Em Antígona, a cena se passa em Tebas. Os dois irmãos morreram em combate mútuo - Eteócles, enterrado com todas as honras, e Polinices, visto como traidor da cidade, é deixado para ser devorado pelos pássaros,

sem merecer as pompas fúnebres de um enterro digno. Antígona e Ismene estão cientes do decreto do tio Creonte, que ameaça punir com a morte aquele que desobecer seu decreto, enterrando Polinices. Mesmo assim, Antígona decide enterrá-lo, afrontando Creonte, que é pai de seu noivo Haemon. Flagrada colocando pó sobre o cadáver, guardas a levam a Creonte, que se vê obrigado a sentenciar sua morte. O cego Tirésias antevê desgraças para Creonte se mantiver sua condenação de Antígona, pois essa desagrada aos deuses. Após alguma relutância, Creonte volta atrás mas já

é tarde demais. Antígona se enforcara, deixando Haemon, seu futuro marido em desespero. Responsabilizando o pai pelo suicídio de Antígona, Haemon tenta matá-lo. Como não consegue, mata-se em seguida. Eurídice, sua mãe e mulher de Creonte, ao saber dos acontecimentos, também se mata. Creonte lamenta sua triste sina.

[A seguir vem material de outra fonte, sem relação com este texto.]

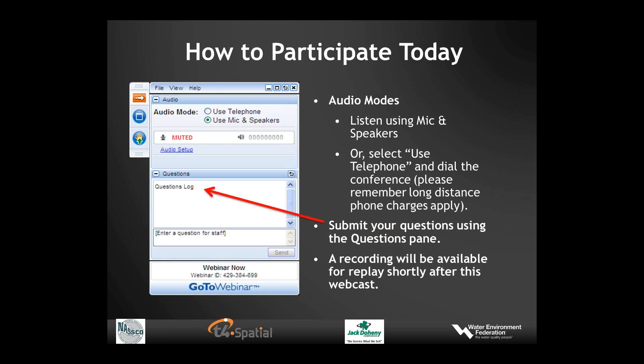During this webcast, while you cannot speak directly to the presenters, you will have an opportunity to submit questions by typing into the GoToWebinar pane on the right-hand side of your screen. Today's moderator, Ted DiBota, will be accumulating questions and directing them to presenters. We will be recording this webcast, and the recording link will be available on the webcast website within 48 hours. If you have additional questions after the webcast, please email webcasts at wef.org. I would like to thank Ted for moderating today's webcast. Ted DiBota is the Executive Director at NASCO.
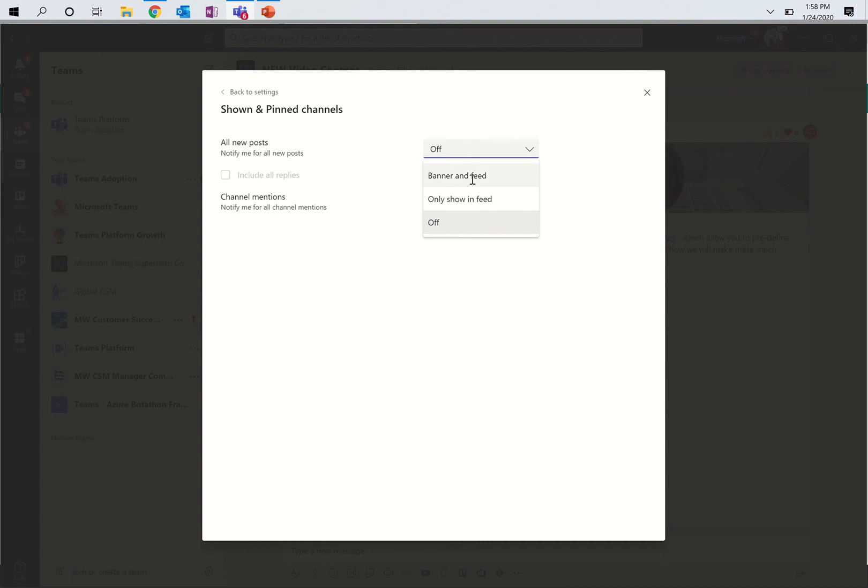Now, you can also choose if you want to have your notification show up, whether you want it to show up in the banner and a feed. Just for clarity, banner is the notification pop-up in the bottom right-hand side of the screen, and your feed is your activity feed, the very top left-hand side tab that you have called Activity. You can have these only show up in the feed. This is what I do. There's no right or wrong here, but I don't like the notification pop-ups all the time. It distracts me. Or I can turn them off like I have here.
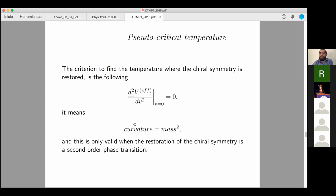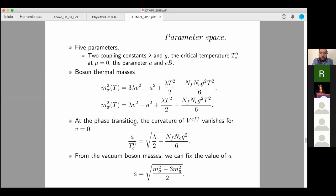The criterion to find the temperature where chiral symmetry is restored is: the second derivative of the effective potential at v = 0 equals zero, meaning the curvature of the potential equals the mass squared. This is valid for a second-order phase transition (our model produces a second-order transition rather than a crossover). To fix our parameter space, we have five parameters: two coupling constants λ and g, the critical temperature at μ = 0, the squared mass parameter a², and the magnetic field.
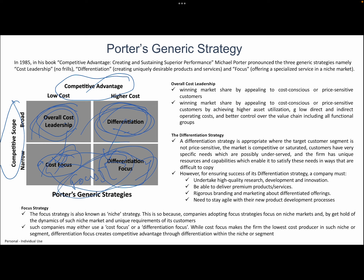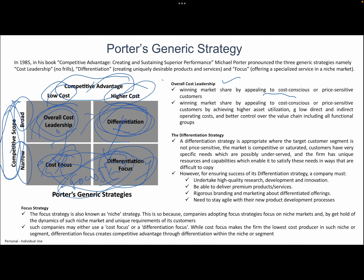Porter's framework is based on two dimensions: competitive advantage — whether it is low cost or differentiated — and competitive scope — whether it is narrow or broad. With these two combinations, there are three strategies a company can follow. Overall cost leadership means winning a market by appealing to cost-conscious consumers: produce goods at a lower price and capture the market.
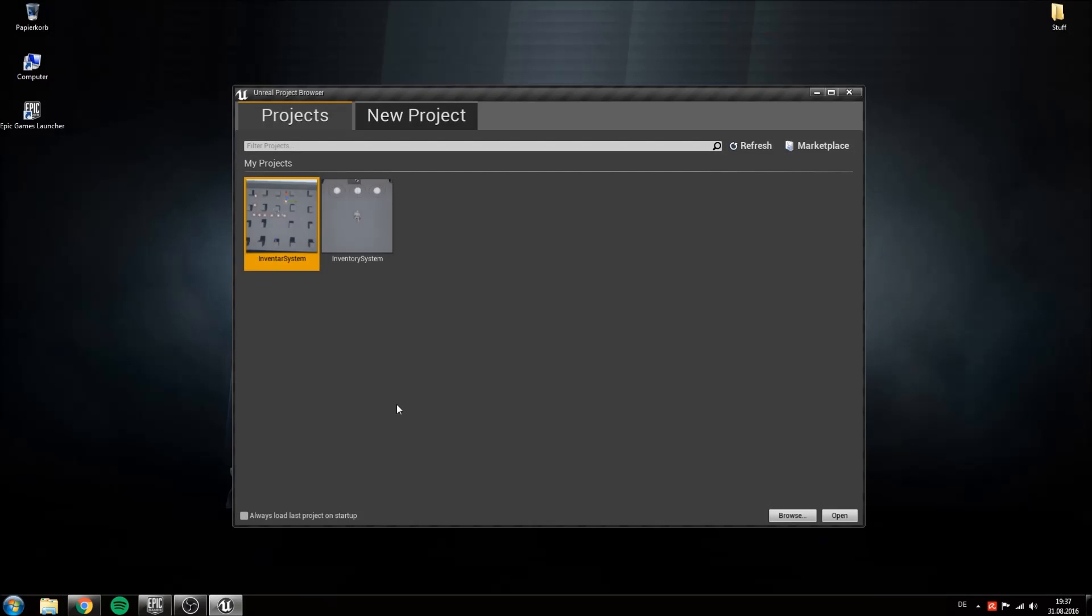Welcome to the first part of my tutorial series on how to do a complex slot-based inventory system. In this video we will create our project, set up a folder structure and import some textures to use later on.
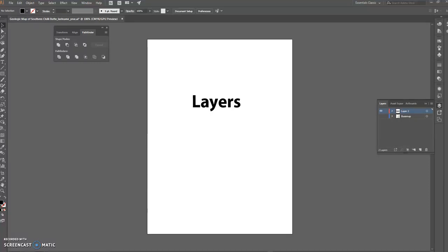I decided I needed to make a new video, one that focuses on some stuff that really helps you get everything organized. Today we're going to make a quick — I guess I would call it an addendum video — on layers. This is the way to organize all of the stuff in your map.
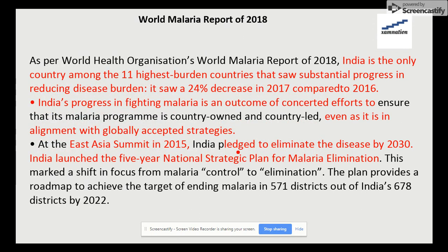Moving to the World Malaria Report: India is one of the countries that saw substantial progress, with a 24% decrease in 2017 compared to 2016. However, the report shows that after a period of success, global malaria control progress has stalled. Data from 2015 to 2017 highlight that no significant progress in reducing malaria cases was made during this period.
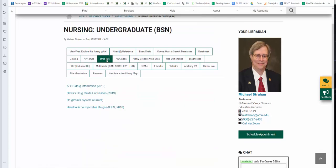Click on the Drug Info tab. There are currently four resources that we provide online access to, including the latest edition of Davis' Drug Guide for Nurses.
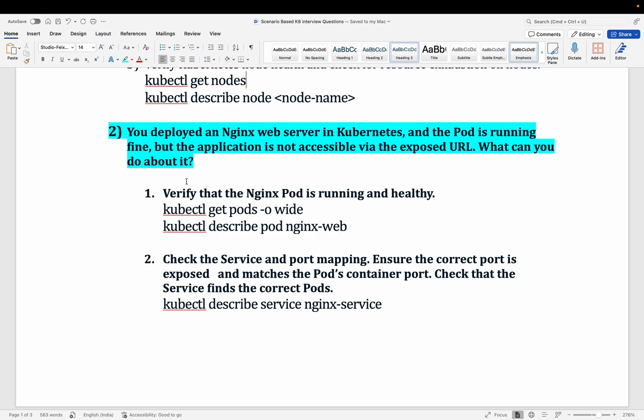Moving on to the second question: you have deployed an nginx web server in Kubernetes and the pod is running fine, but the application is not accessible. When you try to hit the URL in the browser you get a 403 or 503 error code. How will you troubleshoot this?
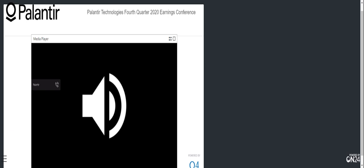That concludes Q&A and I would like to take this time to thank everybody for joining. You may now disconnect. Have a wonderful day everybody.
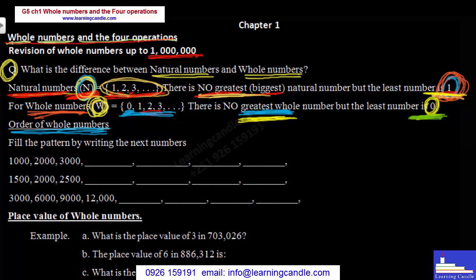Look at this pattern — when the pattern tells you everything, feel the pattern by writing the next numbers. Let's look at the patterns on the pattern.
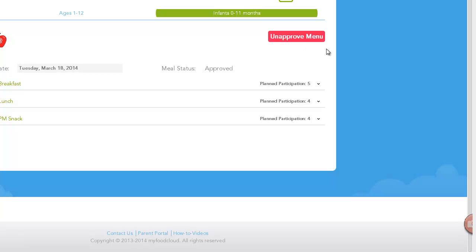For compliance purposes, it is important that you review and approve your meal production records first thing each morning.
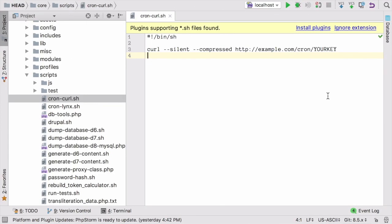Check out the cron-curl.sh or cron-lynx.sh scripts that come with the core software. These have examples of how you could run a command that triggers execution of cron by visiting that URL.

Há muitas interpretações e comentários sobre as tragédias de Sófocles feitas por helenistas e estudiosos do grego c1ássico. Além destas, Steiner nos informa, há mais de 300 trabalhos psicanalíticos que abordam diretamente o mito de Édipo. Assim como Steiner, não examinei estes trabalhos.

A interpretação clássica destas tragédias é a luta do homem contra o destino cego que o apremia com situações terríveis, às quais ele enfrenta, podendo destruir-se neste embate ou dele sair revigorado. Édipo seria um homem inocente em luta com um destino inexoráve1 e impiedoso. Anos mais tarde, em Colona, medita sobre as dificuldades que teve de suportar. Ali, através do sofrimento, adquire uma dimensão heróica.

Como sabemos, Freud usou o Édipo para descrever uma estrutura central na formação do psiquismo humano, na constitução do sujeito, dando uma nova compreensão a esta tragédia.

Mais recentemente Philip Vellacott, um helenista original, numa leitura evidentemente pós-freudiana, defende a idéia de que Édipo não era inocente de seus atos, não ignorava os fatos a seu redor. Vellacott afirma que se Édipo tivesse seguido os muitos indícios à sua disposição, teria com alguma facilidade descoberto ser filho de Laio e Jocasta, deparando-se com o parricídio e o incesto de tão dramáticas consequências. Vellacott acredita que a peça revela muito mais o desejo de Édipo de encobrir a realidade, desejo compartilhado por Jocasta e todos os circunstantes. Essa atitude se radicalizaria em Édipo em Colona, quando Édipo inverte os papéis, passando de culpado a vítima.

Steiner baseia seu artigo nas idéias de Vellacott. Acha que a situação descrita por Vellacott corresponde a fenômenos observáveis na clínica, aquilo que chama de "refúgios psíquicos", formas de evitação de uma realidade psíquica insuportável, especialmente aquelas referentes à culpa e à depressão pela destruição dos objetos amorosos. Assim, Steiner vê em Édipo Rei uma relação perversa com a realidade psíquica, uma denegação, um saber e um não querer saber. Édipo estaria num "refúgio psíquico" perverso, que o impede de enfrentar sua realidade psíquica. Mesmo quando finalmente é forçado a reconhecer o que fez, Édipo logo reinceta o processo de negação cegando-se, numa extremada tentativa de continuar a "não ver" os fatos.

Em Édipo em Colona, que Sófocles escreveu 20 anos depois de Édipo Rei, vamos encontrá-lo velho e cego, não mais fingindo não saber, mas no que Steiner vê como uma reação ainda mais patológica, caracterizada como uma negação psicótica, maníaca, da dor e da culpa. Édipo alega ter agido em legítima defesa. Com arrogância, coloca-se numa posição elevada. Não se vê mais como um criminoso abominado mas como um escolhido pelos deuses para ter um destino funesto que o eleva à condição de herói abençoado, onipotente, cujos restos mortais protegerão a cidade que o abrigar.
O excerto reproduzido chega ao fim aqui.